Purebreds To "Rasse" Theory: A German Critique Of Dog Breeding

Just like ideas about racial theory, the notion of seeking purebred dogs is a relatively recent human invention. This animal eugenics project came from a fantasy of recreating a glorious past and has done irreparable harm to canines. A German

Photo of a four dogs, including two dalmatians, on leashes

No one flinches when we refer to dogs, horses or cows as purebreds, and if a friend’s new dog is a rescue, we see no problem in calling it a mongrel or crossbreed.

Wieland Freund

BERLIN — Some words always seem to find a way to sneak through. We have created a whole raft of embargoes and decrees about the term race: We prefer to say ethnicity, although that isn’t always much better. In Germany, we sometimes use the English word race rather than our mother tongue’s Rasse.

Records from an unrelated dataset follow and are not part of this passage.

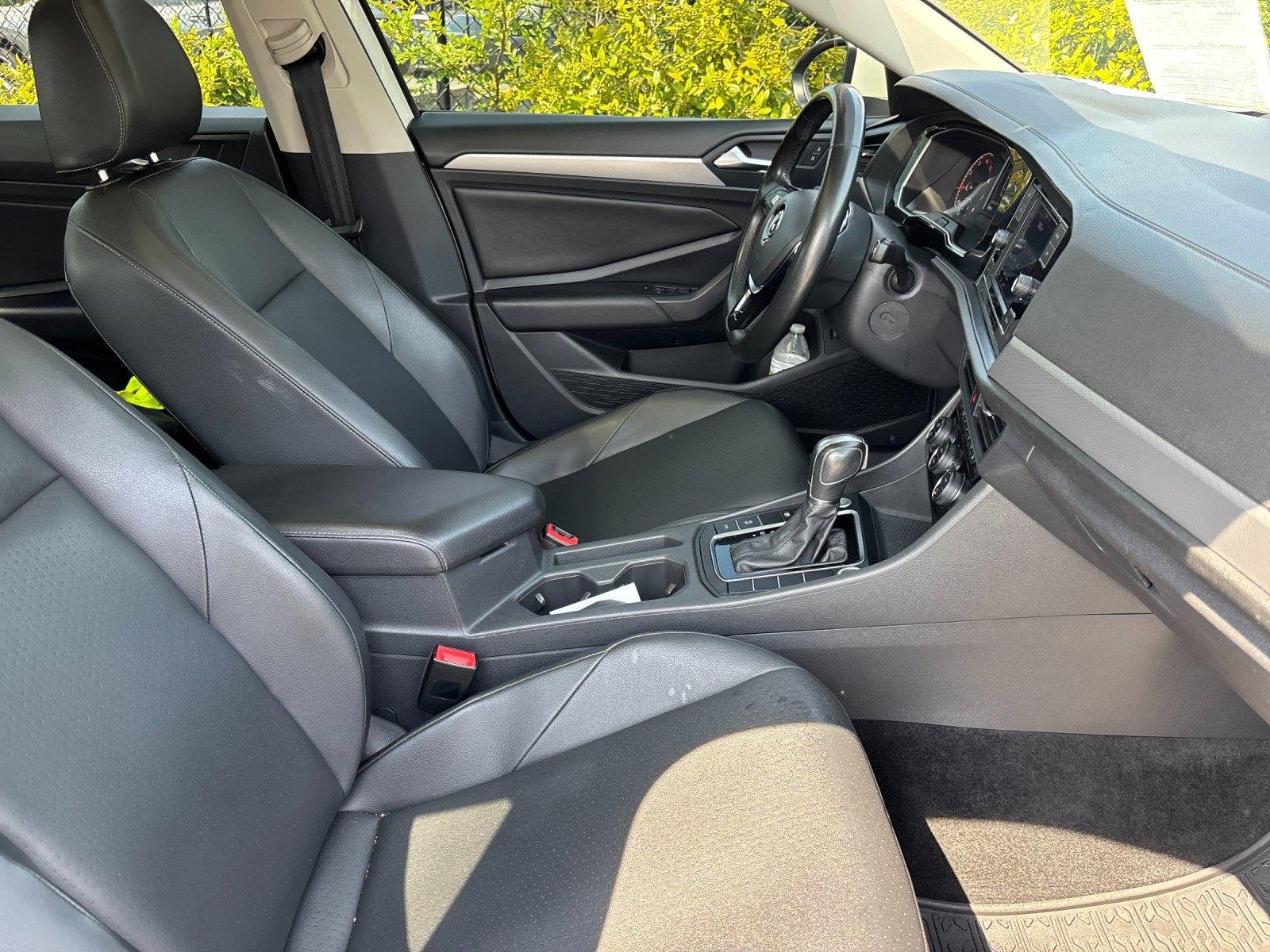 Used 2019 Pure White Volkswagen SE image 38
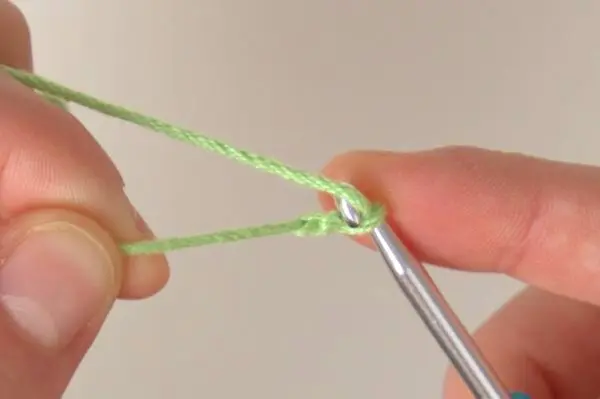 Um eine Luftmasche zu häkeln, greifst du mit deiner Häkelnadel das Garn und ziehst es durch deine Schlaufe.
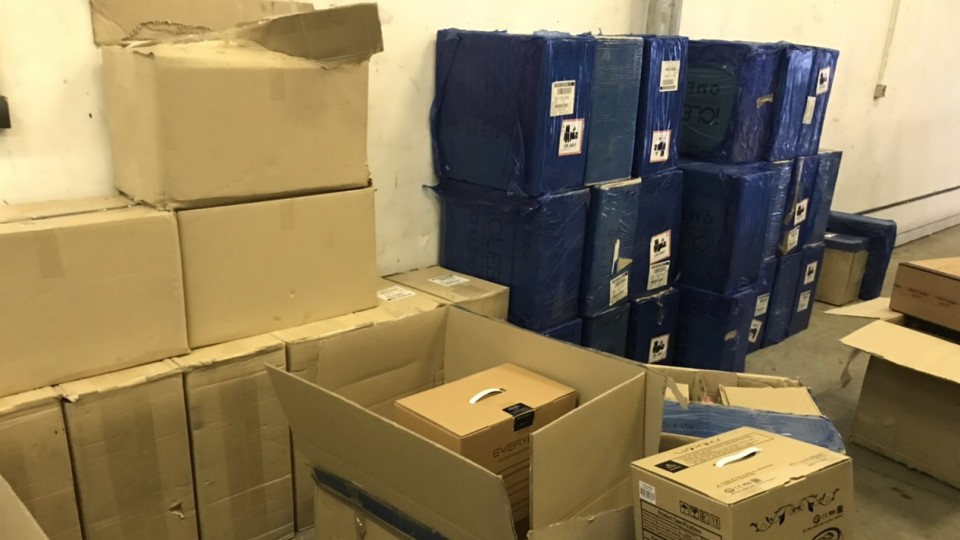На Ягодині затримали чоловіка, який віз «розумну» техніку на 1,5 мільйона гривень. ФОТО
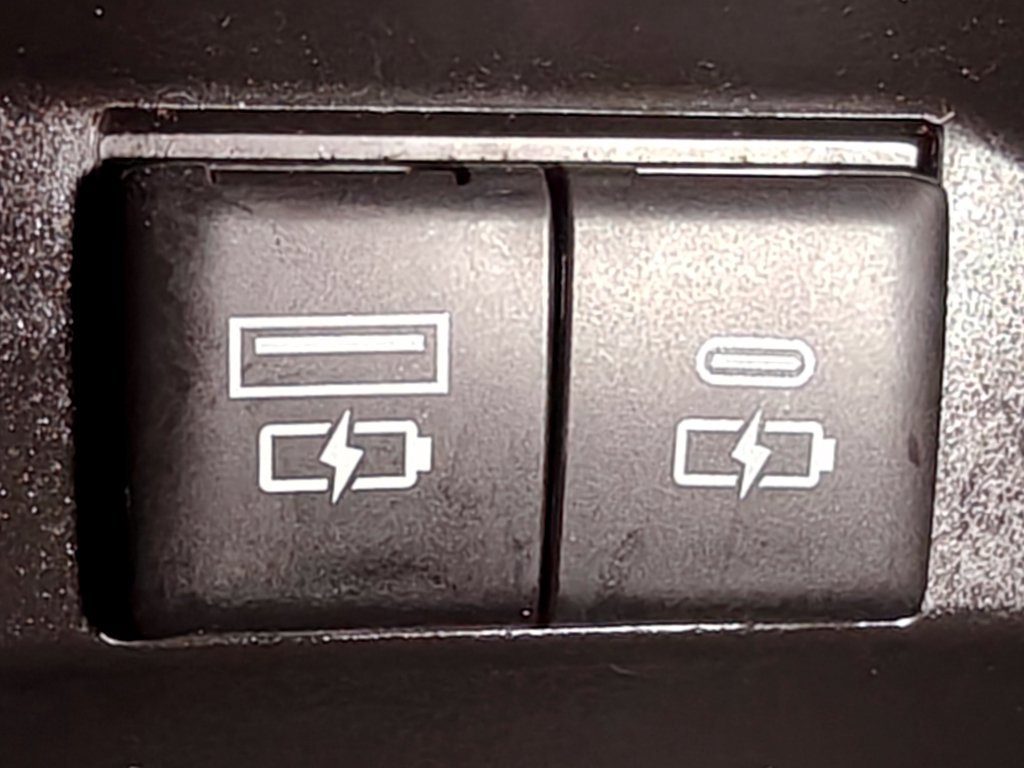 Used 2023 Toyota Camry SE FWD image 37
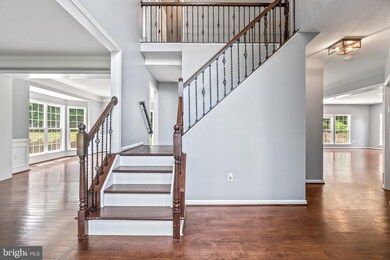 22083 Water Run Ct, Ashburn, VA 20148 - photo 2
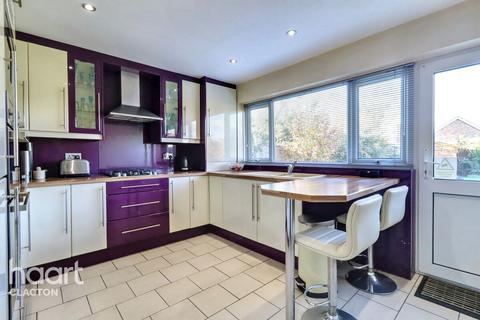 3 bedroom detached house for sale, Richmond Drive, Clacton-On-Sea
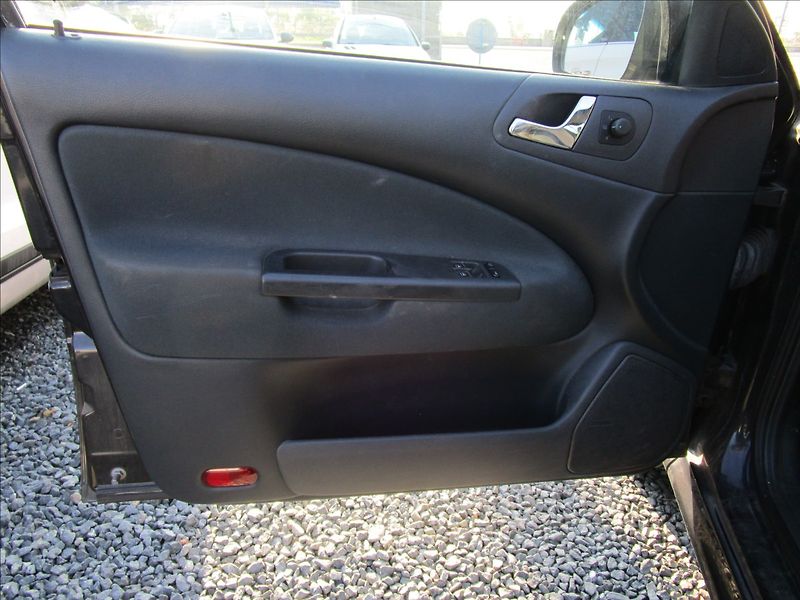Škoda Octavia 1.6MPi 75kW Tour, klima, 2. ma - fotka 14 z 37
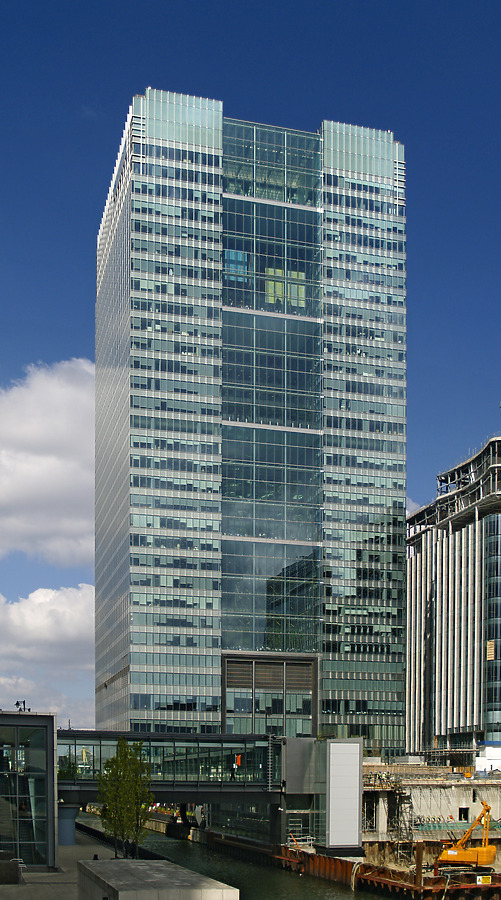 One Churchill Place by Cesar Serrano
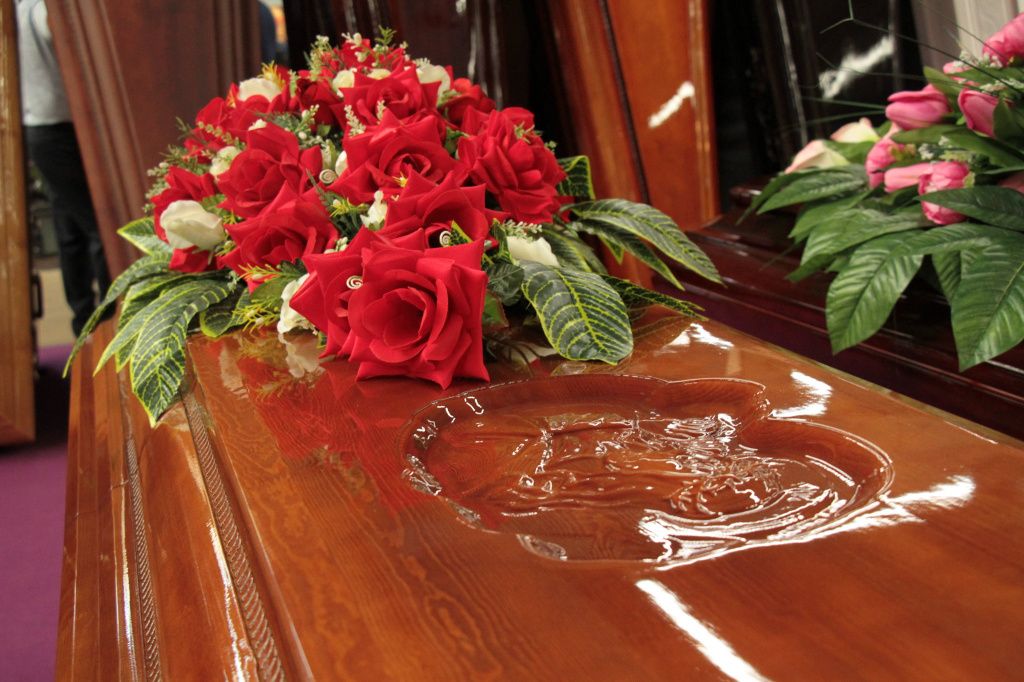 Определенной популярностью пользуются и гробы с резьбой на крышке. Фото: Константин Бобылев, “Глобус”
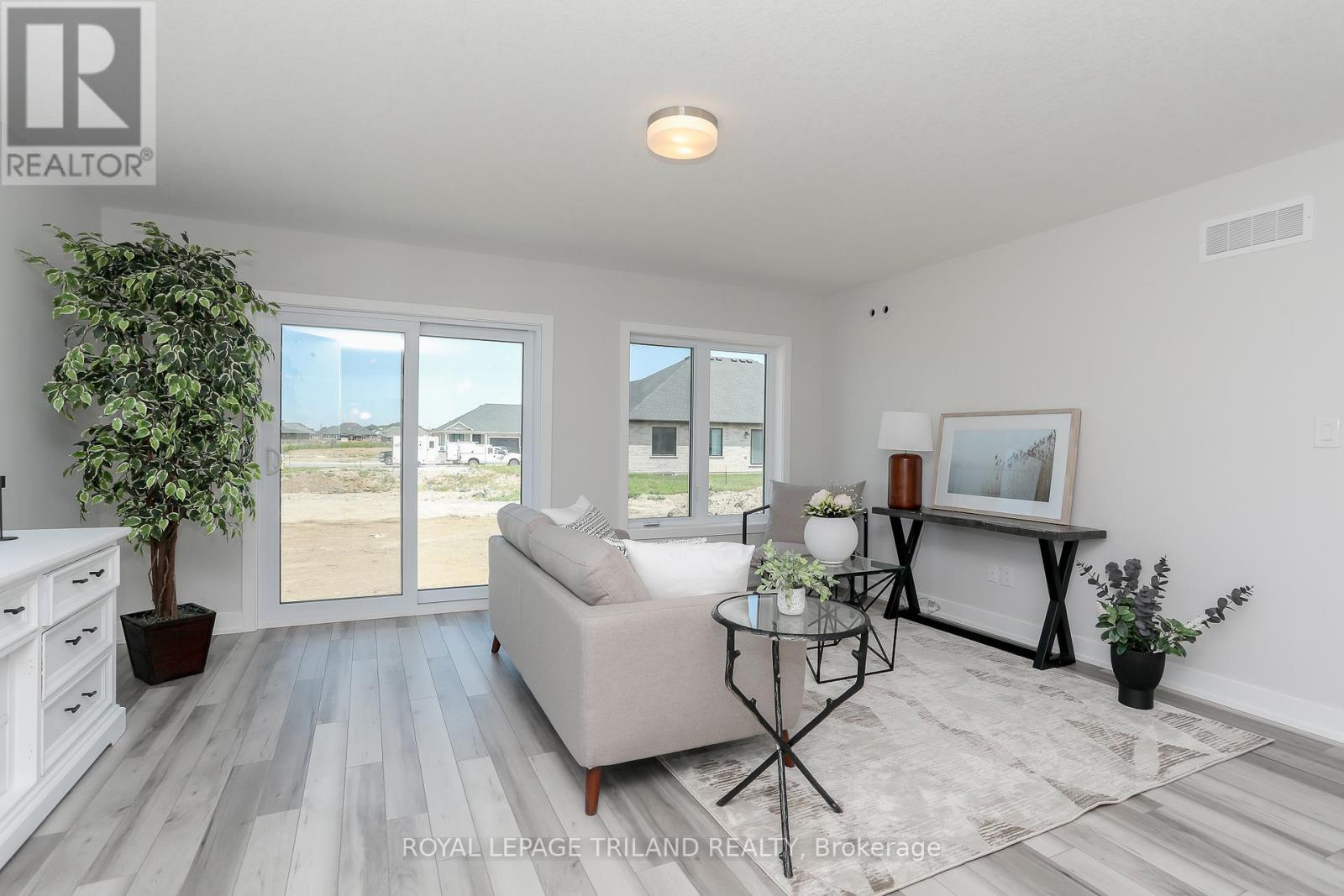 1 Harrow Lane, St. Thomas, Ontario  N5R 0P3 - Photo 19 - X12511182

But Rasse crops up in places where English native speakers might not expect to find it. If, on a walk through the woods, the park or around town, a German meets a dog that doesn’t clearly fit into a neat category of Labrador, dachshund or Dalmatian, they forget all their misgivings about the term and may well ask the person holding the lead what race of dog it is.

Although we have turned our back on the shameful racial theories of the 19th and 20th centuries, the idea of an “encyclopedia of purebred dogs” or a dog handler who promises an overview of almost “all breeds” (in German, “all races”) has somehow remained inoffensive.